Forgiveness as a Gift to Yourself

Imagine that you are standing with hose in hand ready to water your favorite outdoor plants. You turn on the water and only a little bit comes out. You know there should be more water pressure, so you look and notice several kinks in the hose. As you untangle them, the water gushes forth in a full stream. You are able to give your precious plants a full supply of water. Now imagine that the water is the flow of God’s love that can come through you. You are the hose, the vehicle through which that love can flow. It is a beautiful and powerful feeling to allow God’s love, the waters of life, to flow through us. One main way we kink our hose is by closing our heart to another.

Feeling resentment or carrying a grudge toward one other person inhibits our flow of love to even our closest relationships. Put in another way, the weakest link of a chain determines the strength of the whole chain. Some people carry a grudge for many years and put tremendous energy into justifying their resentment. This kinks the flow of love and energy in a person’s life.

Forgiveness is not about seeing a person’s action as right. It may well be that the person acted wrongly. Forgiveness is about seeing past the action or behavior to the part of that human being which is love. Forgiveness is really a gift we give to ourselves. There is a tremendous lightness and energy that can enter our lives when we let go of the grudges and resentments we carry.

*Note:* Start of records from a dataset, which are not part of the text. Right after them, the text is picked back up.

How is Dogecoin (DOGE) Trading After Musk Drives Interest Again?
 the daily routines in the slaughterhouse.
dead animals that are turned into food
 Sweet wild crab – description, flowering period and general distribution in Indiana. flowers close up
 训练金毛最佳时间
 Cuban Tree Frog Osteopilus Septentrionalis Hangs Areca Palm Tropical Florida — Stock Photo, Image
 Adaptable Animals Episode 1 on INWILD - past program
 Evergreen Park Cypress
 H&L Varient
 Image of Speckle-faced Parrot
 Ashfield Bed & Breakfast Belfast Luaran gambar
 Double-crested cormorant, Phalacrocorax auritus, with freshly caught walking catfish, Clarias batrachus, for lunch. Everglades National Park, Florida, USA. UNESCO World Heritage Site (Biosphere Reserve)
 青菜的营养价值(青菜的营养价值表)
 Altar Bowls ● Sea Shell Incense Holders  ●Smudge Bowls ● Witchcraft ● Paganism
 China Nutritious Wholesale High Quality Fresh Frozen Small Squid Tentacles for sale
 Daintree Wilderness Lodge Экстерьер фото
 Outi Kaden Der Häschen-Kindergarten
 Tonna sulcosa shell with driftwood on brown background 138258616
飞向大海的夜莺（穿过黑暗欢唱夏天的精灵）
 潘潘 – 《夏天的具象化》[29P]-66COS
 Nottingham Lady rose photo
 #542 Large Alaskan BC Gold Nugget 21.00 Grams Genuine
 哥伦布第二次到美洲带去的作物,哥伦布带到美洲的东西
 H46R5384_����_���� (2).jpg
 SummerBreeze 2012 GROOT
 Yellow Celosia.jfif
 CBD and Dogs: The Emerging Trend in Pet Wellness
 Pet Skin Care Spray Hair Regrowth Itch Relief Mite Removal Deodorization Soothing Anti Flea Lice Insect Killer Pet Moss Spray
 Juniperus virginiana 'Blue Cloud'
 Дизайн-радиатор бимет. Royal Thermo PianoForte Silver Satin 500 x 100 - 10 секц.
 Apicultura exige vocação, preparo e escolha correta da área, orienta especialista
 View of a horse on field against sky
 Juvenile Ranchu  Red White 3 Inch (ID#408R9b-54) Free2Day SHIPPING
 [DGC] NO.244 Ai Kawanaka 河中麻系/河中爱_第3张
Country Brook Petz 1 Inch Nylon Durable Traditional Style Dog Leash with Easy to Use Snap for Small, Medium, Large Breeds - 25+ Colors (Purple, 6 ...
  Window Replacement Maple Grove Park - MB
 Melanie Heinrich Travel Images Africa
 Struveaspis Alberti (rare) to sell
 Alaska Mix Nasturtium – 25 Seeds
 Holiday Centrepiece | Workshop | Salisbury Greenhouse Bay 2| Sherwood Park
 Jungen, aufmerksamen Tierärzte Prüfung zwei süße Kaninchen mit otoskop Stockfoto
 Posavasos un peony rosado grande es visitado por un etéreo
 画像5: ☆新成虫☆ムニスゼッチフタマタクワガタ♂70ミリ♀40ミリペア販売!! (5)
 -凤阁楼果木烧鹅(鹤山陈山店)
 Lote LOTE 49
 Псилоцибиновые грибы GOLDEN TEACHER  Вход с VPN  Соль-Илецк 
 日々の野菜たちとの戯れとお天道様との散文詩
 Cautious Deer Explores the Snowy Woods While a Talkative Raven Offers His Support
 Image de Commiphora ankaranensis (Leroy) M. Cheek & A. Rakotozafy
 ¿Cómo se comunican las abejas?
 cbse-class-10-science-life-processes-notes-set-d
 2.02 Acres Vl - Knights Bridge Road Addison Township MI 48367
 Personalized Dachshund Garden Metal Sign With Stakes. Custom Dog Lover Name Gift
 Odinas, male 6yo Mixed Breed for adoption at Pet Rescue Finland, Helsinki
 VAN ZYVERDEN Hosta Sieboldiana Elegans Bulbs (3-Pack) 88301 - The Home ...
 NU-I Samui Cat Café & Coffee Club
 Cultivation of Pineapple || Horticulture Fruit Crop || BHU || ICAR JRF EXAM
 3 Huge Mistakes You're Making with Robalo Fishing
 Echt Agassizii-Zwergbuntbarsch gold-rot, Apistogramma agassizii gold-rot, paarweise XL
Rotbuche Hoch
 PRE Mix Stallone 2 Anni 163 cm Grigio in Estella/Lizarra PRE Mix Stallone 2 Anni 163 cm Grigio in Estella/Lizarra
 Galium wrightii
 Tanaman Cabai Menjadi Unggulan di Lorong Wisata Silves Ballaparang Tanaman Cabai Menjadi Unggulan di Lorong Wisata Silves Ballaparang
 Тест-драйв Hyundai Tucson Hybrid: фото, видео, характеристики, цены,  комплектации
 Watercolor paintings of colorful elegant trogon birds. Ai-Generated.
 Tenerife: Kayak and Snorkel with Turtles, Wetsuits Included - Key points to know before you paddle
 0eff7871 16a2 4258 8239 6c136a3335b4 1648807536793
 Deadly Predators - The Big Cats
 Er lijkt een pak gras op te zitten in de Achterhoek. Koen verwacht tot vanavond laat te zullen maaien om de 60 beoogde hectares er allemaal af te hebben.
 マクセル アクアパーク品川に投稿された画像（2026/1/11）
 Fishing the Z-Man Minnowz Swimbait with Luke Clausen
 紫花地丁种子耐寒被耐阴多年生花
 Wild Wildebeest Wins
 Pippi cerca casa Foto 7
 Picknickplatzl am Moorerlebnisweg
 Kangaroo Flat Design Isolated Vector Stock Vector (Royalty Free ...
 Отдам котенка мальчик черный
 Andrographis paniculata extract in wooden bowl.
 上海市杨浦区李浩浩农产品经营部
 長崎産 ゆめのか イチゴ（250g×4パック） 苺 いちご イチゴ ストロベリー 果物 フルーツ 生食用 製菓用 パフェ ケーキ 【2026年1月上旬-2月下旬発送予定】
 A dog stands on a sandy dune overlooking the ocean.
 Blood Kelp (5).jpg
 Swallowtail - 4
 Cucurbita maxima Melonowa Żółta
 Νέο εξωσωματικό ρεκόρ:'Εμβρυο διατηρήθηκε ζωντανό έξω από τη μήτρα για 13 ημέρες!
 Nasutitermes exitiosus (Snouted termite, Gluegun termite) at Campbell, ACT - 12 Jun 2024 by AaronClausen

A powerful way of forgiving is to see past the adult form and behavior to the little innocent child within the person we would like to forgive. Betty was having a particularly hard time forgiving her father for certain abusive actions done to her as a child. She had fallen into blaming her father for the ways her life was not working. True, her father had acted wrongly, yet continuing to hate him was causing much unhappiness in Betty’s life.

I asked her to find a picture of her father as a young child and put it in a place where she could see it often. She found a photo of him taken at age six. As she more and more studied the photo, she began to see the sadness and loneliness in his eyes. He himself was abused as a child. Betty was able to open her heart to her father as a little boy. She felt like reaching out and holding him in her arms.

A month later, as her next step, she found a photo of him at ten years old. His eyes were still full of sadness and loneliness, but now he was starting to try to hide his pain. Betty was again able to feel compassion for him as an older child. A photo of her father as a teen showed an unhappy youth trying to act tough to further cover up the pain inside.

Through studying these photos, Betty was able to feel compassion for her father’s childhood. This compassion did not make her father’s actions right, but Betty could now understand the pain in her father that had led him to pass the abuse to another generation. Armed with this understanding, she was able to reach out in love to the sad little boy still within her father. Through feeling compassion, Betty’s heart was freed of the bitterness and hatred she had carried for most of her adult life. Her health improved, she felt years younger and found she had more love to give to her husband and children. Forgiveness of her father was a gift she had thus given to herself.

Perhaps there are similar gifts you could give yourself? Is there someone you are needing to forgive? Is there a way you are needing to let go and move on in your life? You deserve the gift of more freedom and peace in your life. You deserve to fully feel your love and not have it covered by past resentments and grudges. You deserve love!